Personal information
- Born: 3 March 1977 (age 49) Varna, Bulgaria
- Listed height: 1.98 m (6 ft 6 in)
- Listed weight: 97 kg (214 lb)

Career information
- Playing career: 1995–2013
- Position: Shooting guard / small forward

Career history
- 1995–2000: Cherno More
- 2000: Cordivari Roseto
- 2001: Scafati Basket
- 2001: Cherno More
- 2001–2005: Lukoil Academic
- 2006: Valencia BC
- 2006–2013: Lukoil Academic

Career highlights
- EuroCup Top Scorer (2005);

= Todor Stoykov =

Bulgarian basketball player

Todor Stoykov (born 3 March 1977 in Varna) is a Bulgarian retired professional basketball player, who played for Cherno More, Cordivari Roseto, Scafati Basket, Valencia BC and Lukoil Academic.
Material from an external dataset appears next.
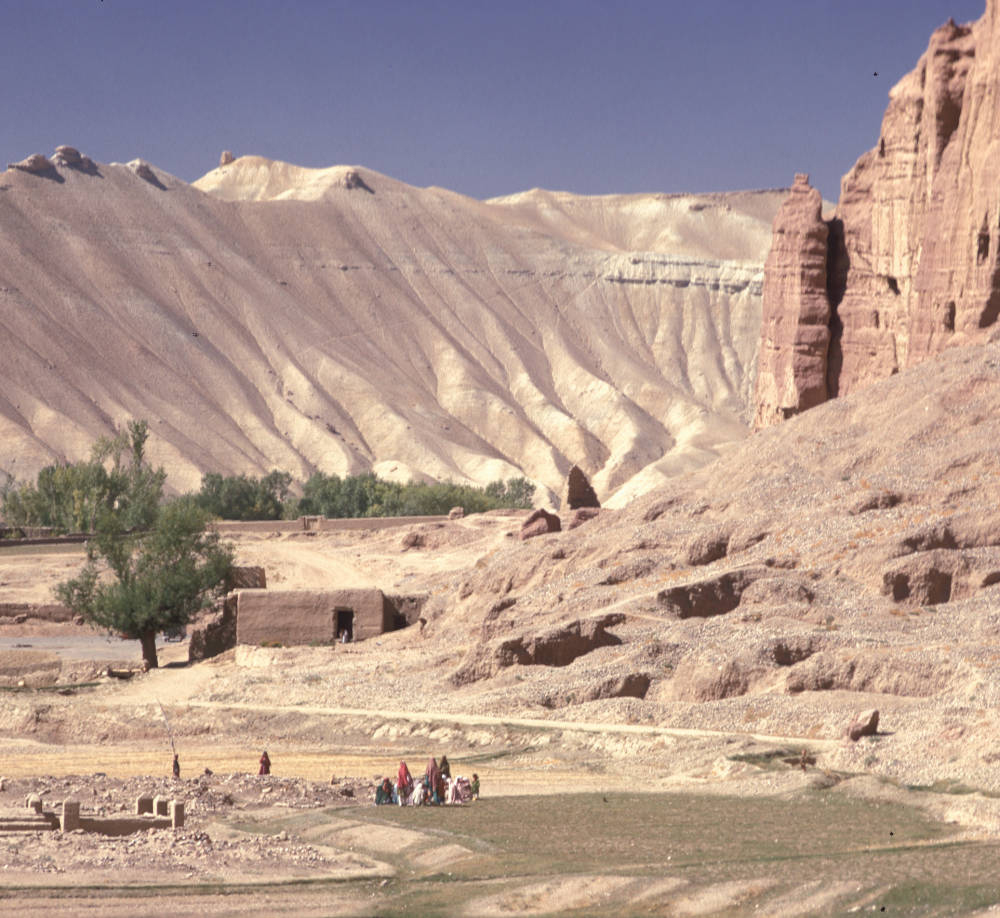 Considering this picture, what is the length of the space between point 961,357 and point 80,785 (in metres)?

At 1.98 m, his position was shooting guard/small forward. He was also a member of the Bulgarian national basketball team, before retiring in 2009.

==Professional career==
While playing with PBC Lukoil Academic, he is the all-time Leader of the ULEB Cup in total points scored (1102), assists (190), minutes played (2364), fouls against (305) and also in total Index Rating (914). Stoykov also ranks third in free-throws made (326). He was the all-time leader for three-pointers made (169) until November 2014 when Marko Popović beat that mark.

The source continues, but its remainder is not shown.